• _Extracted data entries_
________

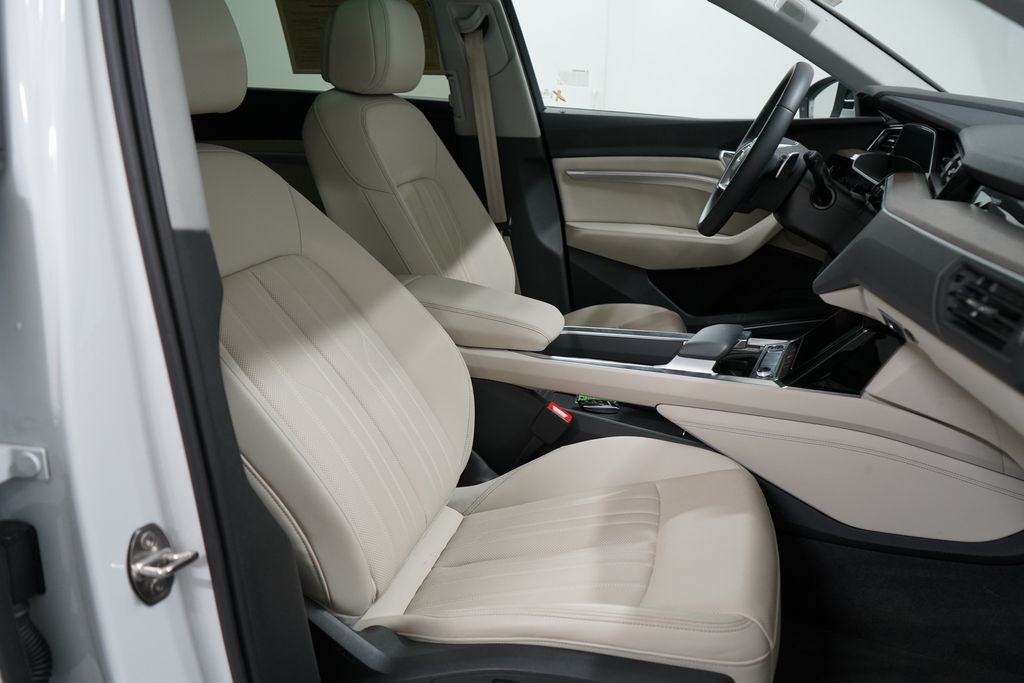 2023 Audi e-tron Premium Plus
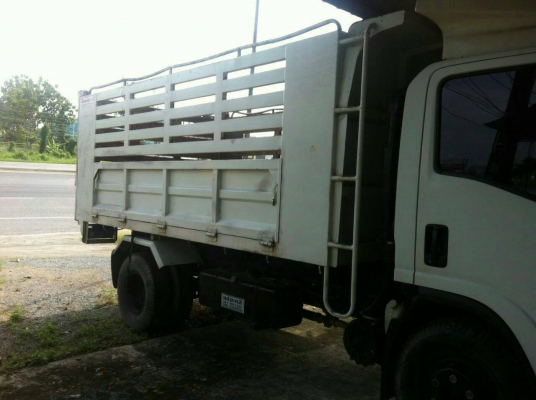 รถอีซูซุ 6 ล้อดั้ม NQR 175 แรงม้า. ปี 55   สนใจติดต่อ  081 - 6079515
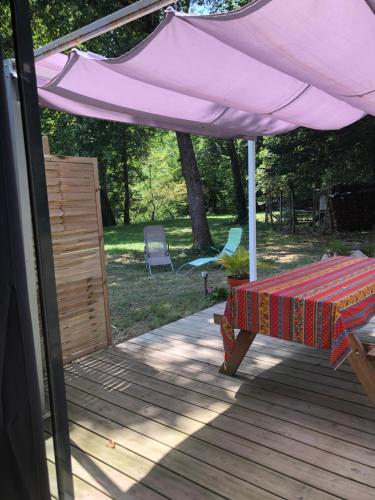 studio mezzanine nature/calme/terrasse/parking : Appartements proche de Saint-Symphorien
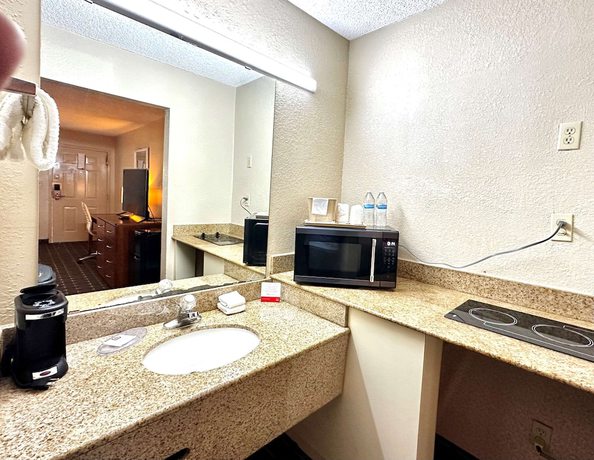 Imagen de la habitación del Hotel Days Inn and Suites by Wyndham Bossier City/Casino Area. Foto 10
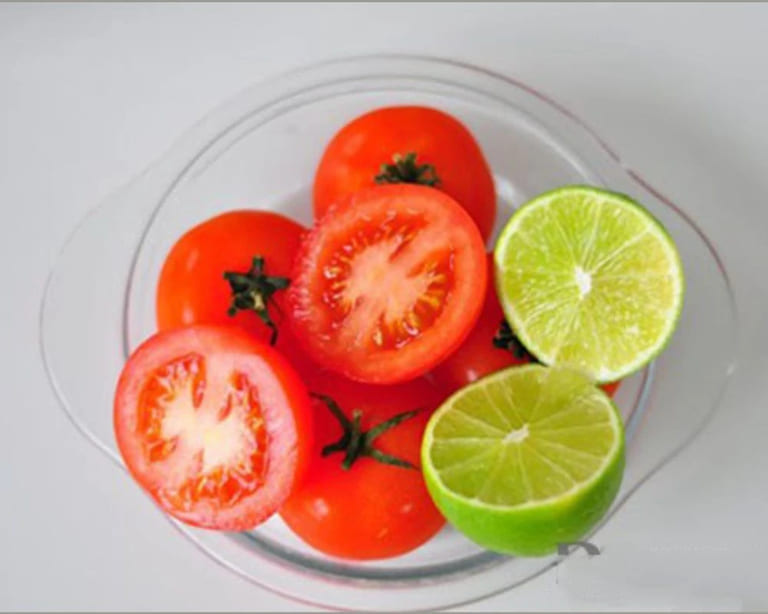 cách trị mụn tại nhà bằng cà chua an toàn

________

• _WORK TASK_
Output the records exactly, please. The pictures are not part of the copy.

• _ANSWER FOR THIS EXERCISE_
 2023 Audi e-tron Premium Plus
 รถอีซูซุ 6 ล้อดั้ม NQR 175 แรงม้า. ปี 55   สนใจติดต่อ  081 - 6079515
 studio mezzanine nature/calme/terrasse/parking : Appartements proche de Saint-Symphorien
 Imagen de la habitación del Hotel Days Inn and Suites by Wyndham Bossier City/Casino Area. Foto 10
 cách trị mụn tại nhà bằng cà chua an toàn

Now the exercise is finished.